What is being asked: Print the listing below only from the line that has "Liposuction before and" through the line that has "Fungal Nail Treatment", exactly, and drop any picture.
[[ Given data, beginning ]]
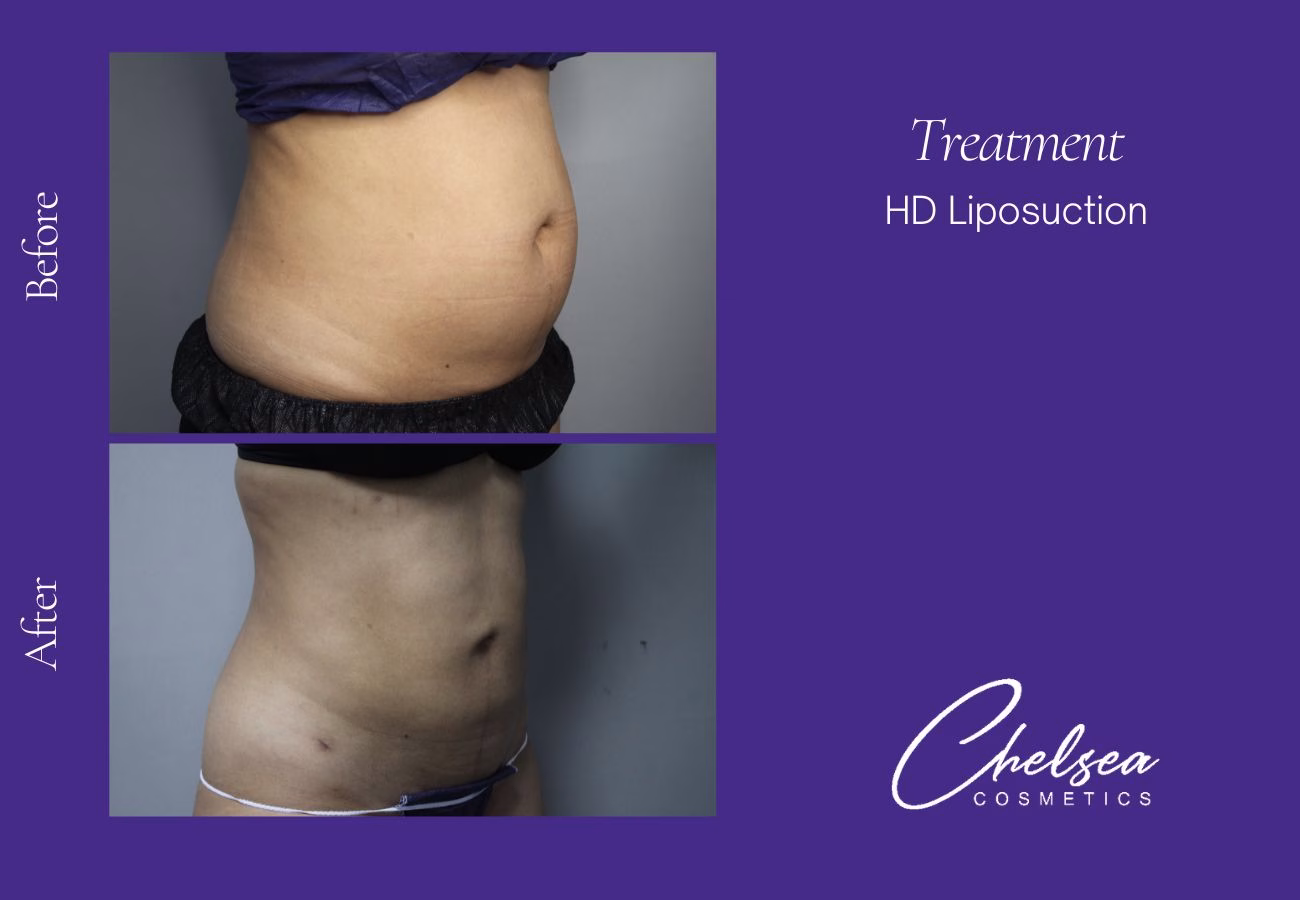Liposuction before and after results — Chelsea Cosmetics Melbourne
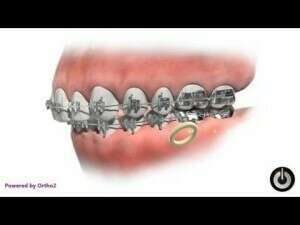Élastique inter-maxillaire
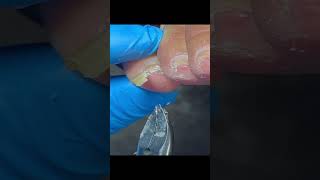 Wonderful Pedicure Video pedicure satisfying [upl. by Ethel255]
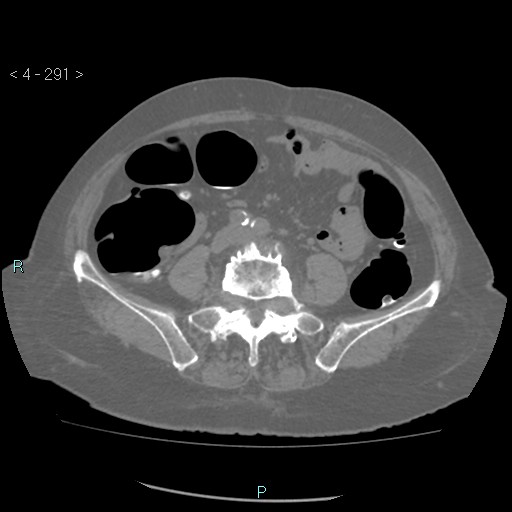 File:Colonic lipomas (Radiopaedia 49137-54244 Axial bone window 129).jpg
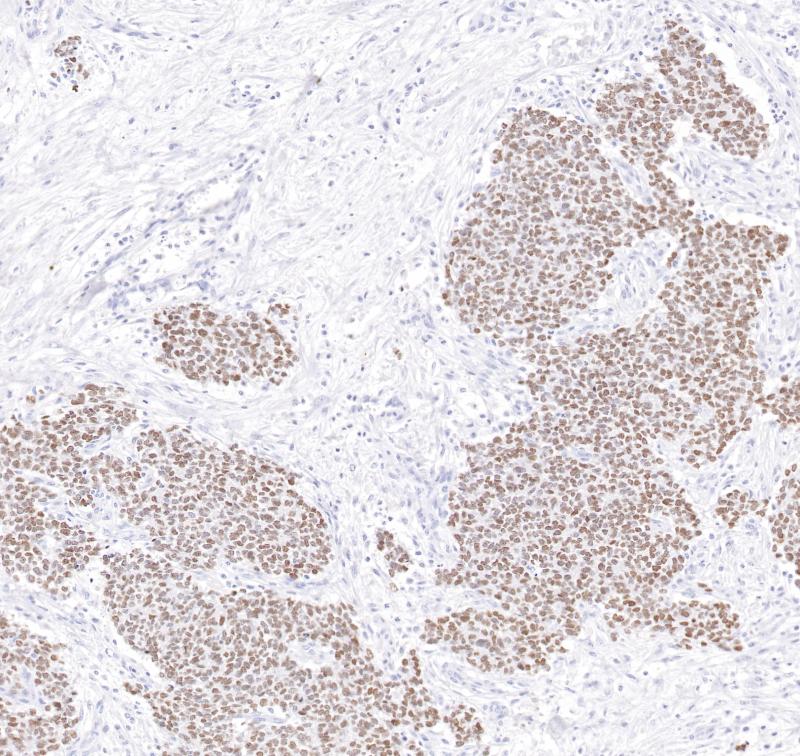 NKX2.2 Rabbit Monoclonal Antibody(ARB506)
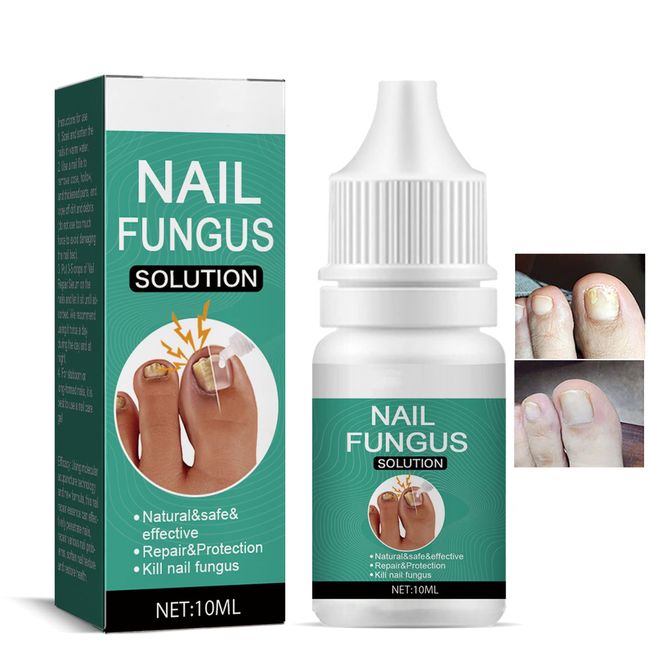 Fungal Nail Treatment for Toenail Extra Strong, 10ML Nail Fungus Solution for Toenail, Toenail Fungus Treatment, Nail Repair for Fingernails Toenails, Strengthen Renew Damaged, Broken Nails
[[ Given data, end ]]
[[ Given data, beginning ]]
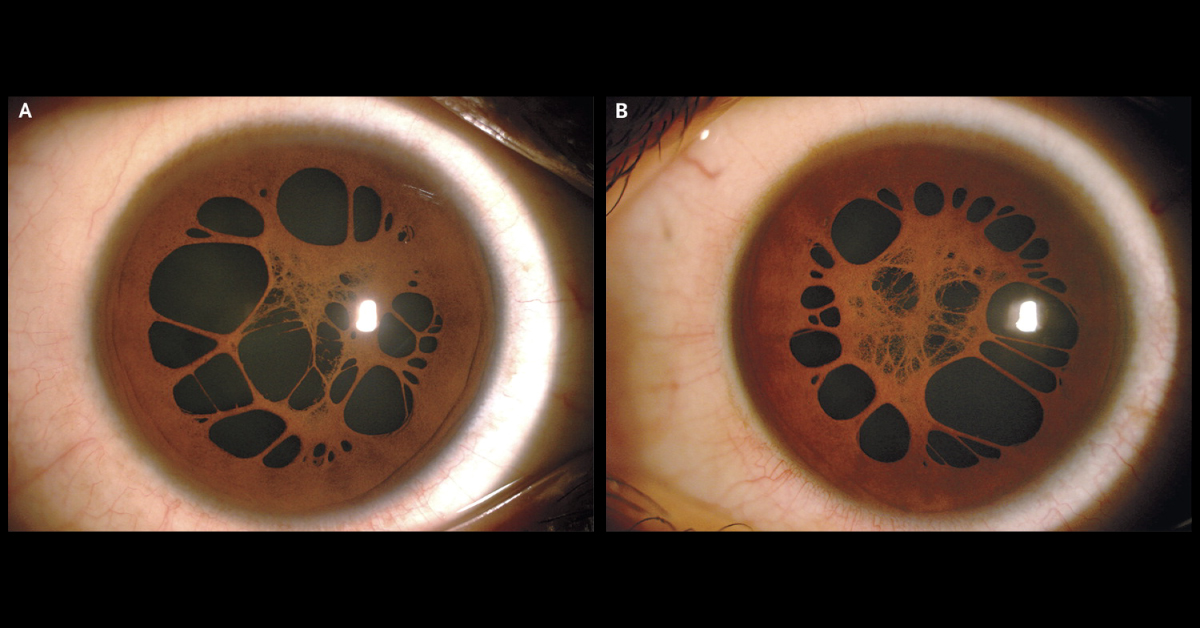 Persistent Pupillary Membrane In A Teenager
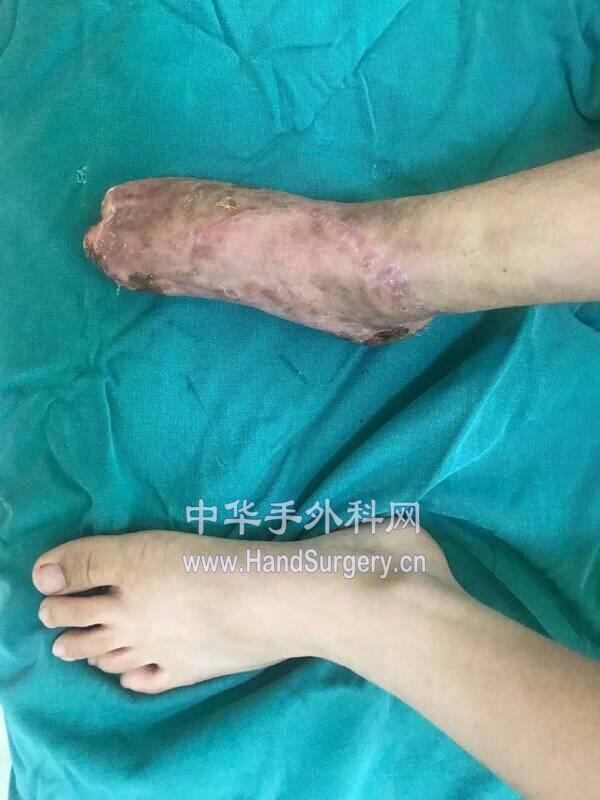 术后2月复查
[[ Given data, end ]]
[[ Given data, beginning ]]
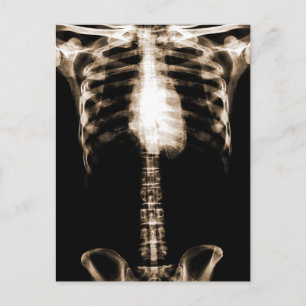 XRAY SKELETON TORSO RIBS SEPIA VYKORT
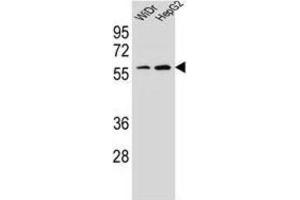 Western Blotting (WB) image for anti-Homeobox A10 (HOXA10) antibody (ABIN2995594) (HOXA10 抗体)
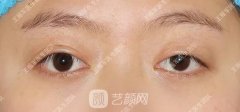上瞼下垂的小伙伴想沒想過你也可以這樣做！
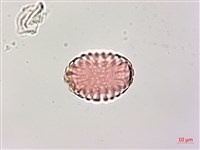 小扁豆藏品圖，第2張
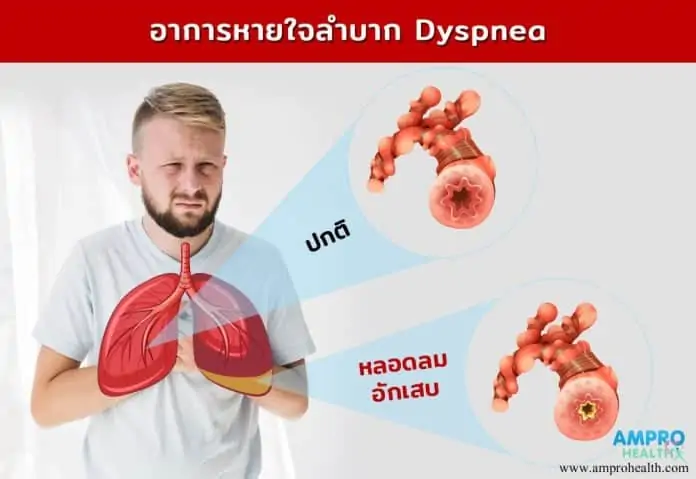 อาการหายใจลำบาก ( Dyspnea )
[[ Given data, end ]]
Output of the exercise:
Liposuction before and after results — Chelsea Cosmetics Melbourne
Élastique inter-maxillaire
 Wonderful Pedicure Video pedicure satisfying [upl. by Ethel255]
 File:Colonic lipomas (Radiopaedia 49137-54244 Axial bone window 129).jpg
 NKX2.2 Rabbit Monoclonal Antibody(ARB506)
 Fungal Nail Treatment for Toenail Extra Strong, 10ML Nail Fungus Solution for Toenail, Toenail Fungus Treatment, Nail Repair for Fingernails Toenails, Strengthen Renew Damaged, Broken Nails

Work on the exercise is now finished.